Below is an overview of changes to be aware of to ensure your plans are in compliance with the SECURE Act 2.0 as well as with Employee Retirement Income Security Act of 1974 (ERISA). 

Automatic Enrollment

New 401(k) and 403(b) plans adopted after Dec. 29, 2022, must automatically enroll eligible participants, offering them an initial deferral percentage between 3% and 10% of compensation. Businesses or organizations exempt from this provision include: 

  • Small businesses (10 or fewer employees)
  • New businesses (in operation for less than three years)
  • Church or governmental plans

Note, plan sponsors must escalate automatic contributions by least 1% annually until it reaches at least 10% (but no more than 15%), if not initially offered. Participants may opt out of automatic enrollment or escalation at any time.

Changes to Long-term, Part-Time Employees

The original SECURE Act passed in 2019 required employers to include long-term, part-time employees in their 401(k) plans, if they worked at least 500 hours per year for at least three consecutive years. 

The SECURE Act 2.0 shortened the eligibility service period to two consecutive 12-month periods for plan years beginning after Dec. 31, 2024, plus extended the long-term, part-time employee provision to 403(b) plans subject to ERISA. Keep in mind, employee service performed before Jan.1, 2021, is disregarded for both eligibility and vesting purposes, plus the employee must be at least 21 years old at the end of the required time period to qualify.

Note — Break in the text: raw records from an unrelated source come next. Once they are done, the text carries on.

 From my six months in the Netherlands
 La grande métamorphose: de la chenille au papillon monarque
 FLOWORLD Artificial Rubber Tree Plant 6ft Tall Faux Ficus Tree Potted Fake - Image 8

Increased Retirement Plan Contribution Limits

The annual contribution limit for employees who participate in 401(k), 403(b), government 457 plans and the federal government’s Thrift Savings Plan is increased to $23,500, up from $23,000. The catch-up contribution limit that generally applies for employees aged 50 and over remains $7,500 for 2025. 

Higher Catch-Up Contributions

Beginning Jan. 1, 2025, individuals between 60 to 63 years old can make higher-than-normal catch-up contributions. For 2025, the catch-up amount is $11,250 and will be indexed for inflation in future years. 

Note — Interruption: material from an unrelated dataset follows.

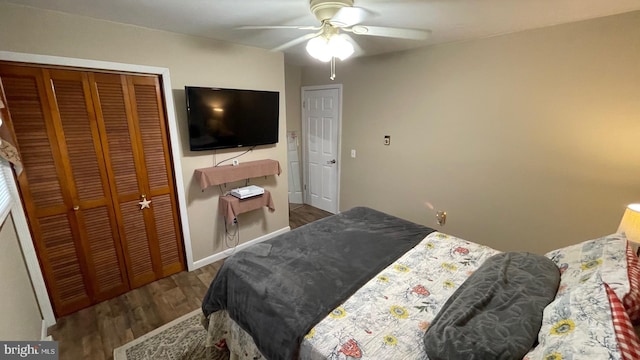 bedroom with dark wood-type flooring, a closet, and ceiling fan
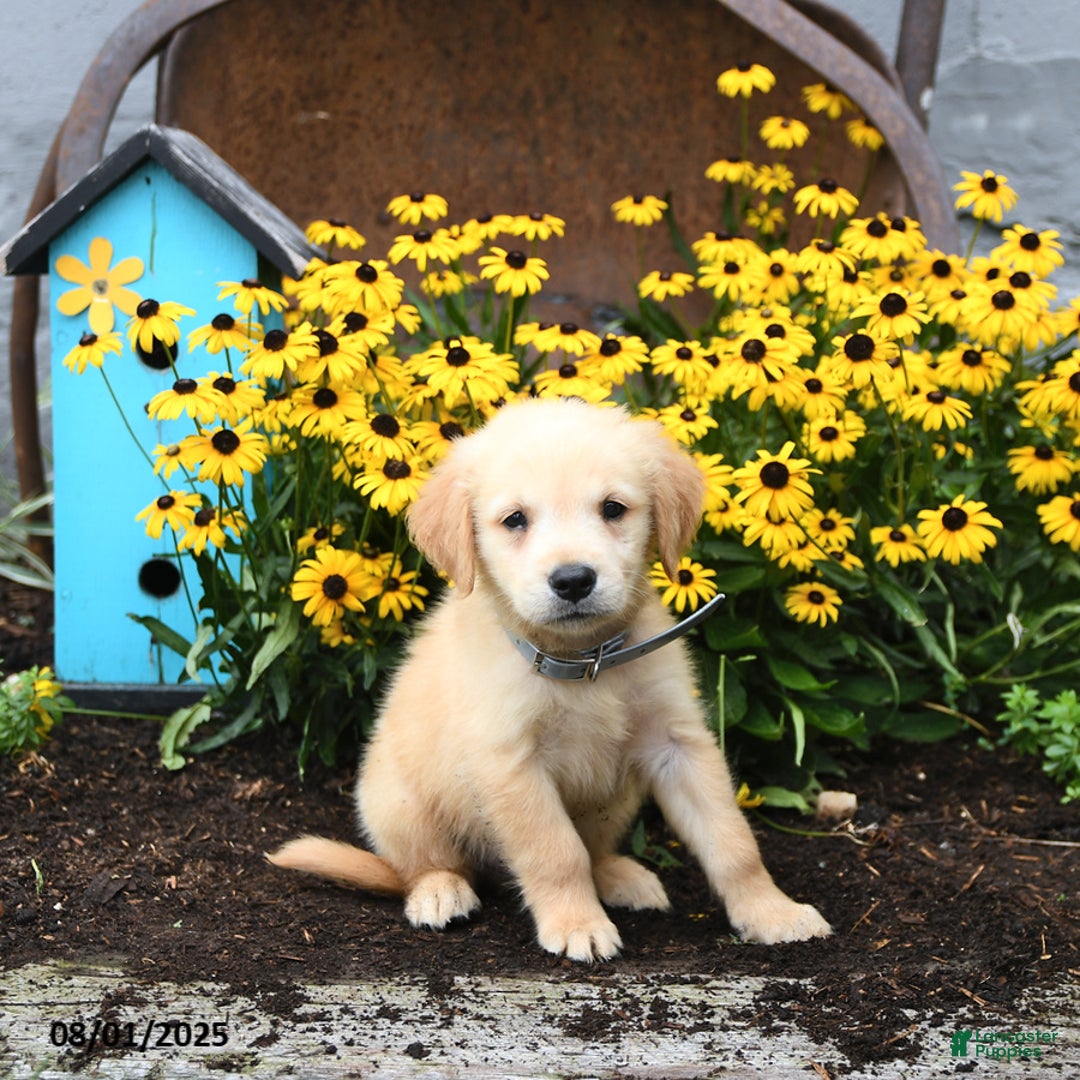 Golden Retriever dogs for sale: Felix - Image 4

SIMPLE IRA plan participants were allowed catch-up contributions of up to $3,500, as indexed for inflation, prior to Jan. 1, 2025. However, there is an increase in the catch-up contribution limits based on the participant’s age for 2025 – for participants between the ages of 60 to 63, the contribution limit is increased to $5,250. The catch-up contribution remains $3,500 for participants between the ages 50 to 59 or older than 64.

Plan Ahead

Although SECURE 2.0 plan amendments are not due until Dec. 21, 2026, plan sponsors should work to ensure their plans are in accordance with changes already in effect. We encourage you to work with your benefit plan advisors to ensure compliance ahead of your 2025 audit. To learn more about employee benefit plan regulatory compliance or to obtain guidance, contact us today.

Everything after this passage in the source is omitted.